Hasta el último hombre
Mel Gibson tiene una gran habilidad para narrar historias de redención e imprimirles, en partes iguales, dosis de dramatismo efectista y violencia perentoria. Para él todo objetivo debe alcanzarse solo si se superan los obstáculos más difíciles. Sin esa cuota de sacrificio no hay regocijo, ni paz interior, ni satisfacción espiritual. Sin embargo, el pago que exige el director alcanza niveles templarios.
Hasta el último hombre no difiere en peso emocional/racional -entiéndase como la falta de la supremacía individual y el triunfo de las acciones colectivas comandadas por un líder, oculto o notorio- de Corazón valiente (1995) o La pasión de Cristo (2004): dar todo de uno para salvar a muchos es la premisa. Y no importa si el escenario lo copa un personaje mesiánico e incomprendido por el entorno (Cristo) o un independentista ultranacionalista (William Wallace).
Hasta el último hombre cuenta la historia del soldado Desmond Doss quien durante la batalla de Okinawa salvó a 75 compañeros sin disparar una sola bala. La interpretación que hacía de su religión -era adventista del séptimo día- y algunos conflictos interiores le impedían empuñar un fusil, mucho menos disparar en contra de un semejante, así su vida corriera riesgo. Él solo quería ser parte de la brigada médica. Su labor en el frente de batalla fue reconocida por el presidente Truman con los más altos honores militares.
Gibson vuelve a elegir a un héroe nacional para entregarnos una supuesta parábola de redención. No es casualidad que estas historias le fascinen a un hombre que cada cierto tiempo comete despropósitos públicos en perjuicio de algunos sectores como los colectivos gays o la comunidad judía, o que ha atravesado problemas de adicción. Esa pelea interna siempre lo ha llevado a reponerse de la furibunda repuesta de la opinión pública. Más allá de los excesos, Gibson firma títulos que activan el mecanismo conmovedor de las masas con resultados exitosos.
Hasta el último hombre se sale del correcto envoltorio que lo acuna hasta la contextualización de la trama y la edificación del personaje central (interpretado por Andrew Garfield) y se descompensa cuando alarga en extremo las escenas de guerra dando paso a un carnaval de balas, bombas, mutilados y alaridos. Es cierto que las crónicas históricas señalan que la batalla de Okinawa fue una de las más sangrientas de la Segunda Guerra Mundial. Por ello si Gibson quiso reflejar algo tan cercano a la realidad pudo evitar que el soldado Doss aparezca como un superhéroe de cómic -capaz de sobrevivir sin entrenamiento adecuado e iluminado solo por su voluntad, en medio del fuego cruzado-. Este filme nos hace pensar que la Historia es una factoría de mártires y que mediante una pieza fílmica “revisitoria”, como la de Gibson, le da la razón.

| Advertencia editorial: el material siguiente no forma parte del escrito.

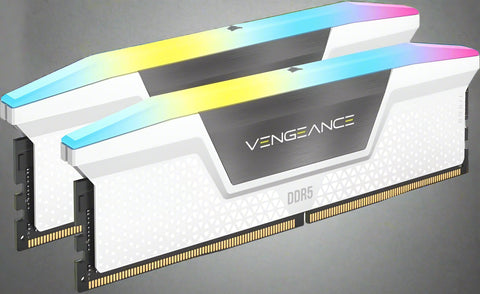 CORSAIR Vengeance RGB DDR5 RAM 64GB (2x32GB) 6400MHz CL32 – Intel XMP iCUE Compatible | Black Model CMH64GX5M2B6400C32W | Open Box - RGB DDR5 Desktop Memory Kit (2x32GB, 6400MHz, CL32, Black) with White | Sold by Uncle Wiener's Wholesale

Lo que no se puede negar es la gran intensidad que otorgan la música y los desplazamientos de cámaras a las escenas de acción. Gibson es un maestro de la creación de atmósferas. Ni qué decir del ritmo. Hasta el último hombre es tan sólida a escala de narración audiovisual que, lamentablemente, solo se resiente por la inverosimilitud de la trama que poco a poco diluye la película. Alegorías y simbolismos sobran en el trabajo de Gibson, sobre todo de orden religioso.
A pesar del desmesurado festín gore en clave bélica y el extremismo católico disfrazado de redención, Hasta el último hombre saluda la vuelta de un cineasta que es fiel a sus principios y que es honesto en su propuesta.